**The data:**

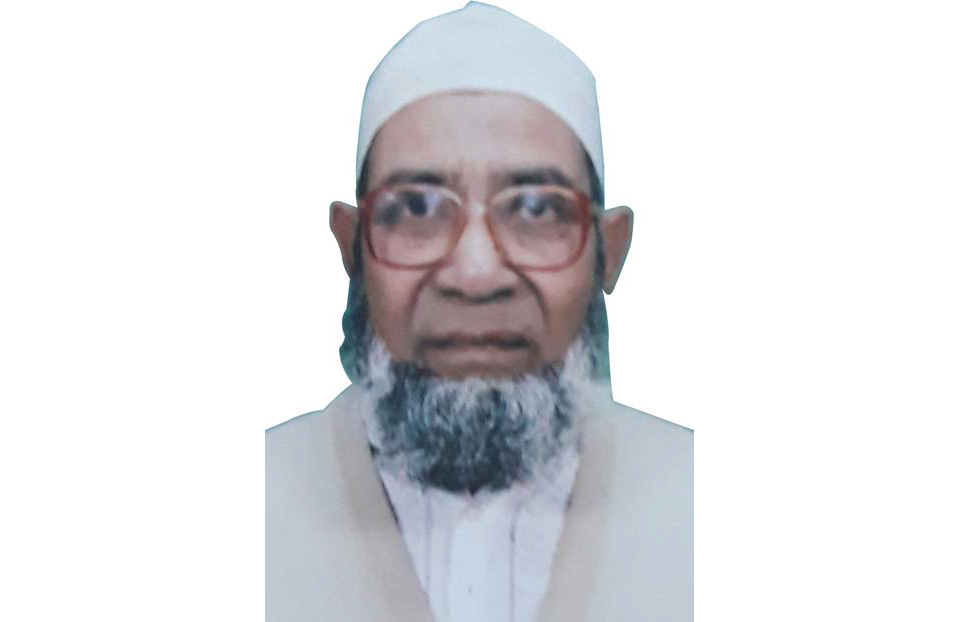 বিশিষ্ট বীমা ব্যক্তিত্ব সরাফতউল্লাহ্ ঢালীর জন্মবার্ষিকী আজ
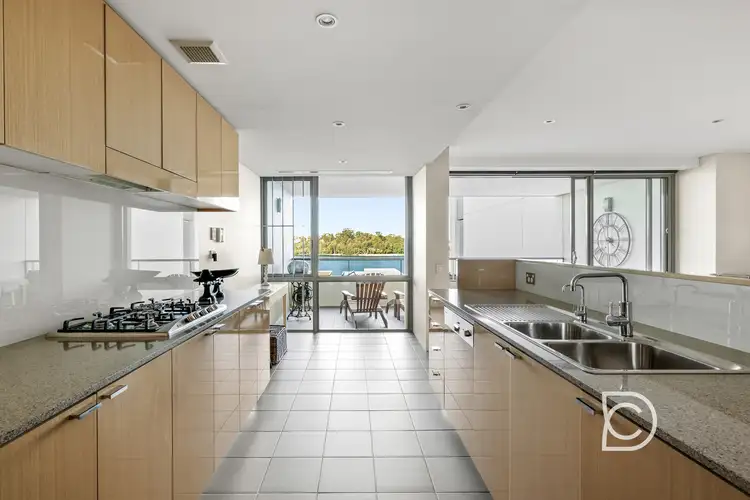 Fifth view of Homely apartment listing, 70/18 Edgewood Crescent, Cabarita NSW 2137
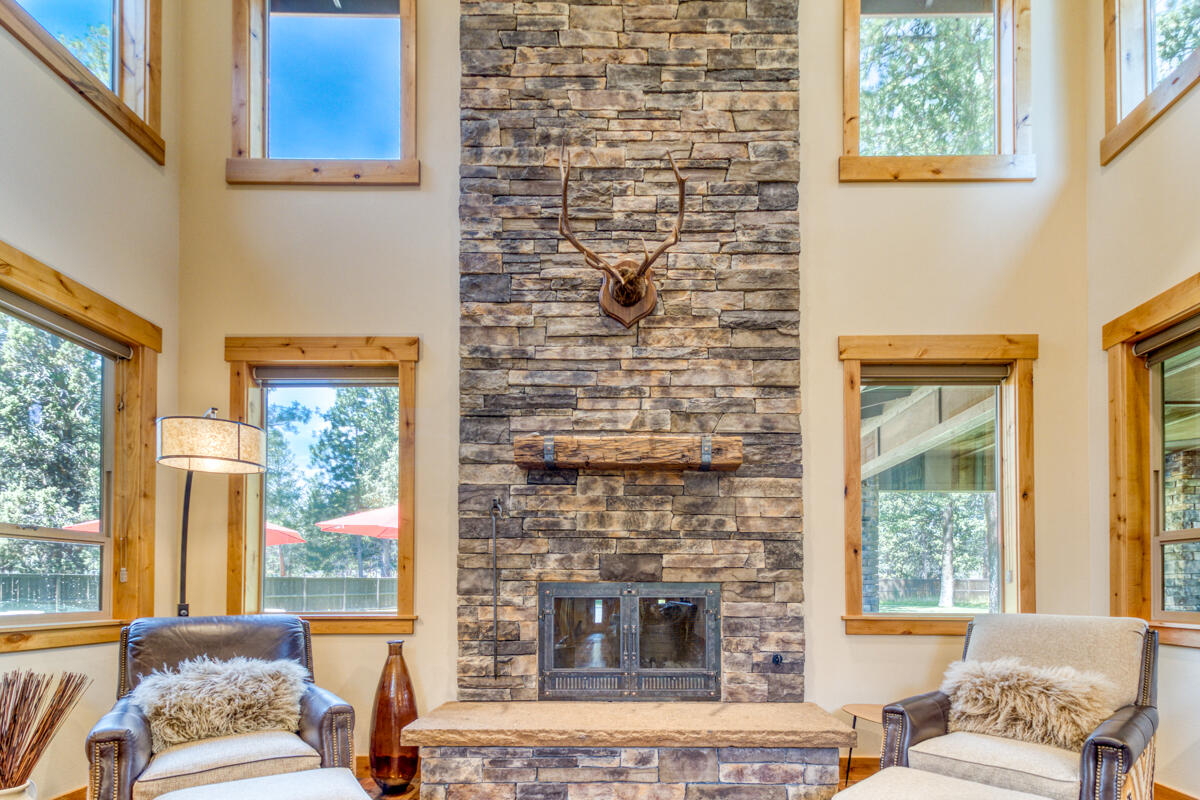 River Bend Estate - Residential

**Your assignment:**
Return the data word for word without its pictures.

**Exercise solution:**
 বিশিষ্ট বীমা ব্যক্তিত্ব সরাফতউল্লাহ্ ঢালীর জন্মবার্ষিকী আজ
 Fifth view of Homely apartment listing, 70/18 Edgewood Crescent, Cabarita NSW 2137
 River Bend Estate - Residential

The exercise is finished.